● Assigned task:
Output, exactly and in full, only the lines from the one containing "Coque pour iPhone" to the last line of the data. Pictures should not appear.

[Stored data]
════════════════

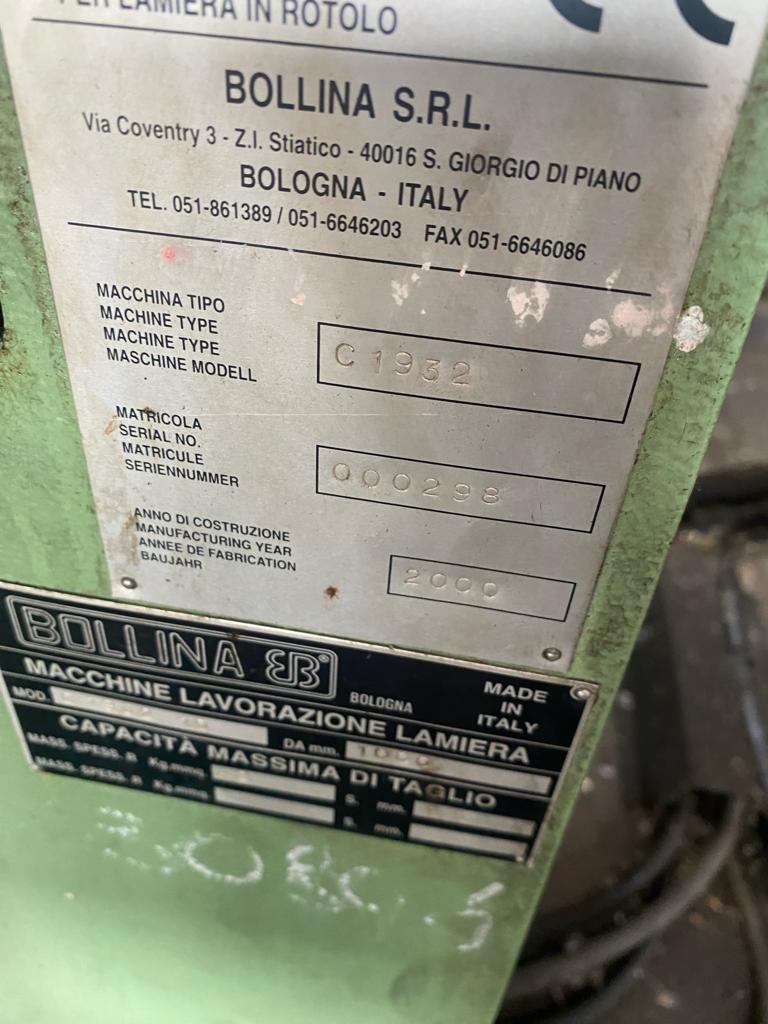 Refurbished 2000 BOLLINA C-1932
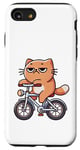 Coque pour iPhone SE (2020) / 7 / 8 Chill Cat Chat qui s'ennuie sur vélo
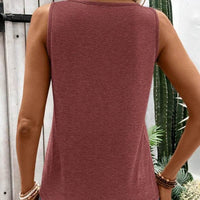 Women's Solid Color Simple Daily Wear Sleeveless Tank Top
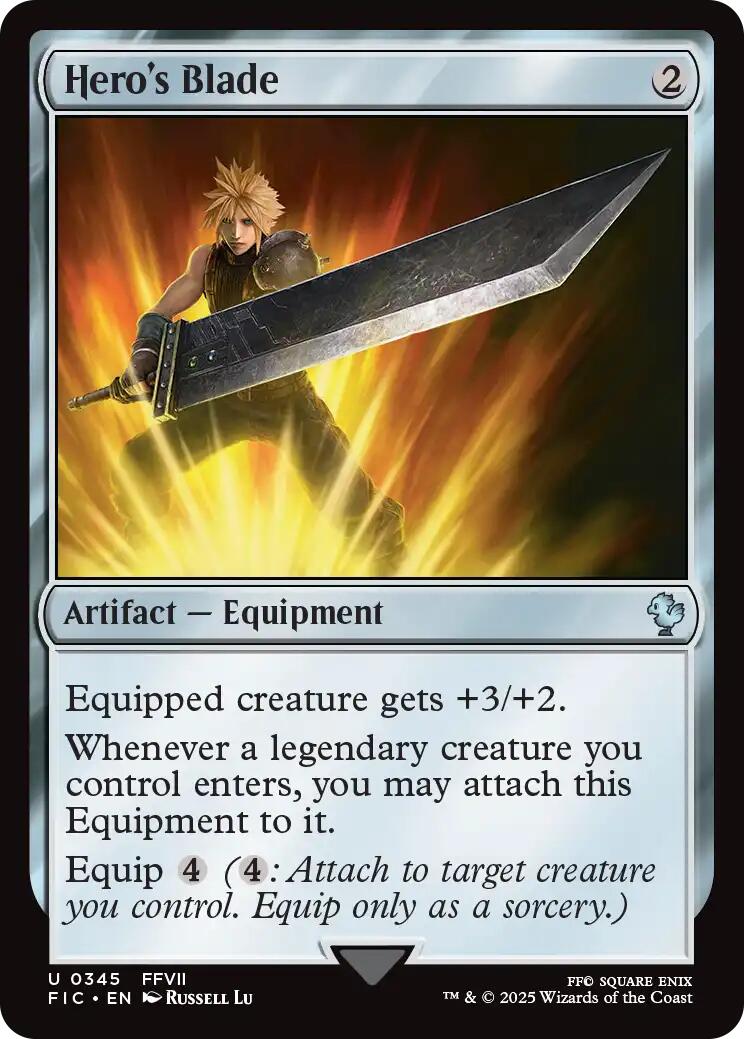 Hero's Blade (Surge Foil) (345) [Commander: FINAL FANTASY]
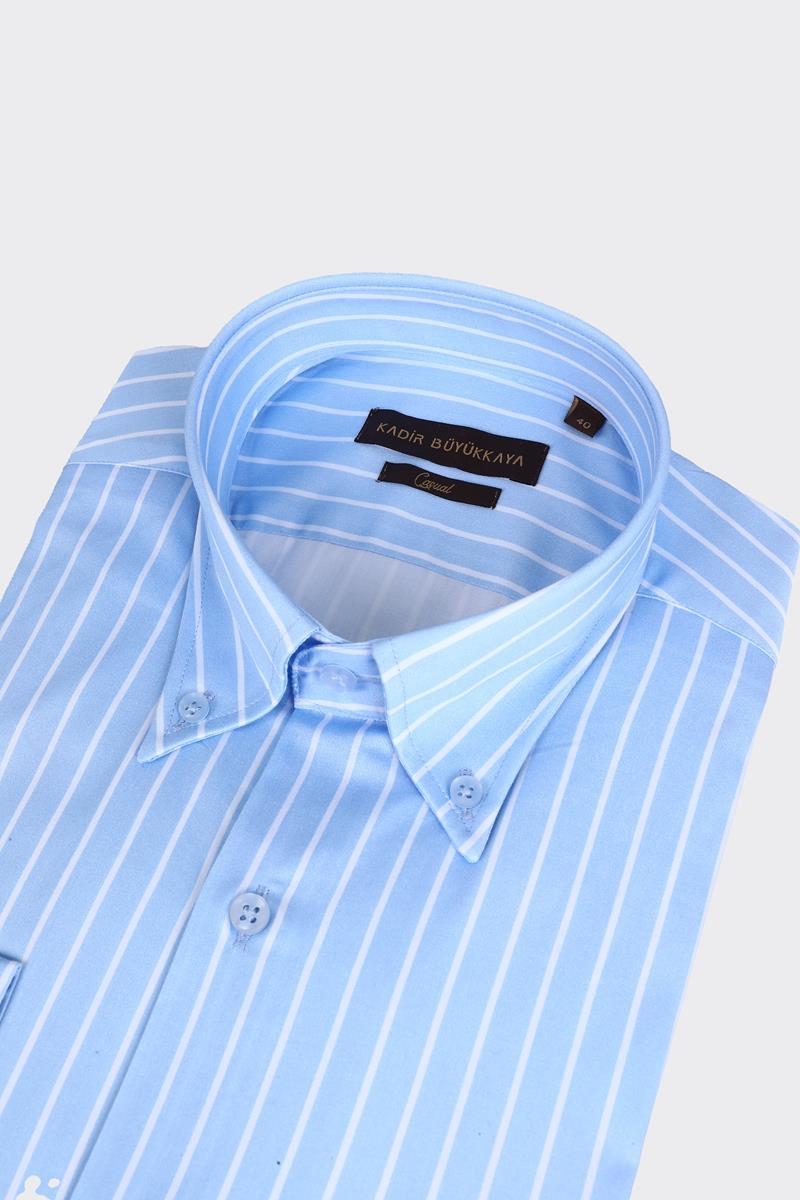 Yaka Düğmeli Gömlek Out-KAX4661S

════════════════

● Reply to the exercise:
 Coque pour iPhone SE (2020) / 7 / 8 Chill Cat Chat qui s'ennuie sur vélo
 Women's Solid Color Simple Daily Wear Sleeveless Tank Top
 Hero's Blade (Surge Foil) (345) [Commander: FINAL FANTASY]
 Yaka Düğmeli Gömlek Out-KAX4661S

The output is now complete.